But in this way Aaron shall come into the Holy Place: with a bull from the herd for a sin offering and a ram for a burnt offering. Leviticus 16:3
Most of my worst life trials have been my fault. You’d think that in my self-inflicted misery that I’d have gone to God with humility, submitting to his guidance. In my addiction though, I was so self-centered that I became frustrated with God for not doing things my way. I wanted him to simply deliver me from my addiction, magically removing it with no sacrifice on my part. When he didn’t remove my addiction the way I wanted, and when my life fell apart, I was angry with God. This is your fault. Through the painful consequences of my addiction however, God taught me to seek and follow his way instead of mine. This is still a daily struggle though. Life’s trials aren’t over now that I’m in recovery. When tough times come, particularly when I don’t see that I’ve done anything to cause the trial, I’m once again tempted to be angry with God. Why would you allow this to happen? You’re not doing your job very well. When I take time to think about it though, I remember the lesson of my addiction – that I must always humbly submit my will to God’s will, even in the trials.

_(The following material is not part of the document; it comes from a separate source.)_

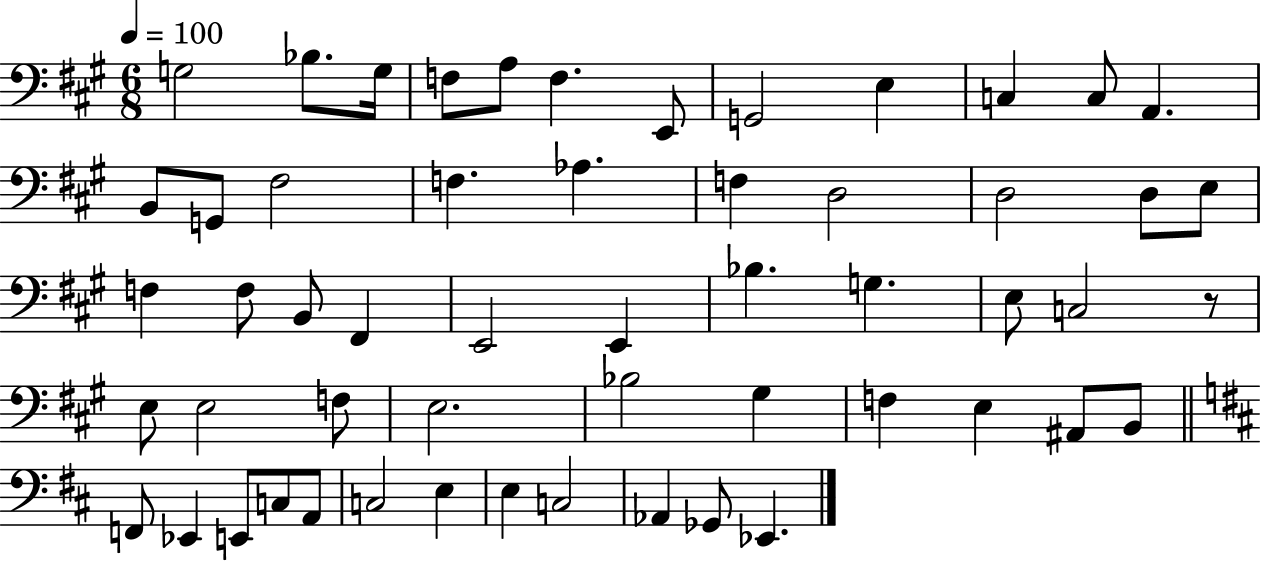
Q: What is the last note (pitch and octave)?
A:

To me, this is the lesson of today’s passage. In it, God instructed Aaron on how to approach God after the death of his two sons. Aaron’s sons, you may recall, had been killed by God for entering his presence inappropriately, perhaps while drunk. God said that Aaron must now approach him with humility, offering a sacrifice for his and his family’s sins. Aaron, I think, may have been tempted to be angry with God for striking his sons dead. God instructed Moses though, to warn Aaron that he must be careful in his posture towards God. Tell Aaron your brother not to come at any time into the Holy Place inside the veil, before the mercy seat that is on the ark, so that he may not die (Leviticus 16:2).
Life rarely goes as planned. Loved ones get sick. Our children struggle. Life threatens to overwhelm us. In those struggles, we’re sometimes tempted to go to God in anger. Why would you do this to me? We just don’t understand how God, if he truly loves us, could allow something so terrible to happen. It’s not wrong to go to God, asking why. We can and should seek him and his will. We should also remember the lesson of Aaron though – that it’s always best to approach God in humble submission to his will. What is it you want me to learn and do here God?